══ Record set ══
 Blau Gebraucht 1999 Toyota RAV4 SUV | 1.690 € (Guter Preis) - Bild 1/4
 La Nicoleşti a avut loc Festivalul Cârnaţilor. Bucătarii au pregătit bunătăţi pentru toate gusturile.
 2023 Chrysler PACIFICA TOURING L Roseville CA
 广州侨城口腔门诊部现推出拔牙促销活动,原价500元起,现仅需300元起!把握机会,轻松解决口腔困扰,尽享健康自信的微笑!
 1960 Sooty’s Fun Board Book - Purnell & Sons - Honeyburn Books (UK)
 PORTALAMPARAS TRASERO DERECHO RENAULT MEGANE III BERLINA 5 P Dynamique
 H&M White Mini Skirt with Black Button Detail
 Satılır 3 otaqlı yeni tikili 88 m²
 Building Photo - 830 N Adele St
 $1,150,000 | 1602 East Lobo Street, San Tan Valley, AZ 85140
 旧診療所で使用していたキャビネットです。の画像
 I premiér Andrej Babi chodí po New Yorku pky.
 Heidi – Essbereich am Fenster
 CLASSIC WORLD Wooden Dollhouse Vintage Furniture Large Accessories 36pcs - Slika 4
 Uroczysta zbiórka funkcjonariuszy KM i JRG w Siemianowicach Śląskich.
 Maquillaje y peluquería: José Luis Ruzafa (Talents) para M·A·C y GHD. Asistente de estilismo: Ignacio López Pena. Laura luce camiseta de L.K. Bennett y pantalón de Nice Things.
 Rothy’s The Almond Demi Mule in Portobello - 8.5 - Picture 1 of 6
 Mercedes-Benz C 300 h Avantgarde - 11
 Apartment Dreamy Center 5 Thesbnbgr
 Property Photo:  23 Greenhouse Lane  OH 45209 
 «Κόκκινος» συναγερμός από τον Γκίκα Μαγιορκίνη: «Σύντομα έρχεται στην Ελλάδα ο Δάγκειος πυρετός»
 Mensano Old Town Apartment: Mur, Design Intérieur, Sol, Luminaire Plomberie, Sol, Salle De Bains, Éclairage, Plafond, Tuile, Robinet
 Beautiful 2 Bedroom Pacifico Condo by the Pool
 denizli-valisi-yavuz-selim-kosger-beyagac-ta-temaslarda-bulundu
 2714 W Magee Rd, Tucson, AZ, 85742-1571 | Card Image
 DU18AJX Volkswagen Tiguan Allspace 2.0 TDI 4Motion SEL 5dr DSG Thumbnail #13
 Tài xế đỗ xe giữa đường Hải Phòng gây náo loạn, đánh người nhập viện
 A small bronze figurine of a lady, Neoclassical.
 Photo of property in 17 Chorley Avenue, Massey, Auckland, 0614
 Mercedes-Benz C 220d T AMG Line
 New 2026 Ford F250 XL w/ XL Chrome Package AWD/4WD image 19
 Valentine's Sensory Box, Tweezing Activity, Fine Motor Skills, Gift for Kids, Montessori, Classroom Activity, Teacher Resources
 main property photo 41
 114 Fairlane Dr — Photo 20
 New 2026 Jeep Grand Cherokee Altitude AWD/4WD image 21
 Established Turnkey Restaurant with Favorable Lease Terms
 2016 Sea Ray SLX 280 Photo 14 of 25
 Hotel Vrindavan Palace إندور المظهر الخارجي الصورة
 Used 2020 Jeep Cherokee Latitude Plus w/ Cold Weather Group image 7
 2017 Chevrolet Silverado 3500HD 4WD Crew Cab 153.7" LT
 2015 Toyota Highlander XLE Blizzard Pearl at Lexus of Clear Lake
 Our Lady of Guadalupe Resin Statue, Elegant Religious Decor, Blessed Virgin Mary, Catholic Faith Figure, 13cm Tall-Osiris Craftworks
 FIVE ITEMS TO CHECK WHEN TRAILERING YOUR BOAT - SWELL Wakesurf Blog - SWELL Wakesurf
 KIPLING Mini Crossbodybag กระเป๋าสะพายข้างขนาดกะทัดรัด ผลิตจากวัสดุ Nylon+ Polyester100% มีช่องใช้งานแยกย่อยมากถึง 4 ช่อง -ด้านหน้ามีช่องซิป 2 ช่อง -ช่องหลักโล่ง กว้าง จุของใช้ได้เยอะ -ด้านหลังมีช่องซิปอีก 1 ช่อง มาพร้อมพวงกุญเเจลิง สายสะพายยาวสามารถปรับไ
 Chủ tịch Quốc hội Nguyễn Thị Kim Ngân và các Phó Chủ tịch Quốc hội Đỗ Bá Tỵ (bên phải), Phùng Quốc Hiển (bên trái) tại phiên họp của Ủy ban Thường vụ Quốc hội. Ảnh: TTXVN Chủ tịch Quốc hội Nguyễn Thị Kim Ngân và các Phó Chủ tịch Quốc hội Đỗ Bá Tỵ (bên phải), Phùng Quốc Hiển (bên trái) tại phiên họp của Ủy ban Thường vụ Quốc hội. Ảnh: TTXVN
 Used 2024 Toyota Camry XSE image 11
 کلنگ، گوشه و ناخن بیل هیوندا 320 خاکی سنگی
═══
Exercise details:
For this exercise, repeat exactly the lines of the data above from the one with "DU18AJX Volkswagen Tiguan" down to the one with "New 2026 Ford", both end lines included.

Completed exercise:
 DU18AJX Volkswagen Tiguan Allspace 2.0 TDI 4Motion SEL 5dr DSG Thumbnail #13
 Tài xế đỗ xe giữa đường Hải Phòng gây náo loạn, đánh người nhập viện
 A small bronze figurine of a lady, Neoclassical.
 Photo of property in 17 Chorley Avenue, Massey, Auckland, 0614
 Mercedes-Benz C 220d T AMG Line
 New 2026 Ford F250 XL w/ XL Chrome Package AWD/4WD image 19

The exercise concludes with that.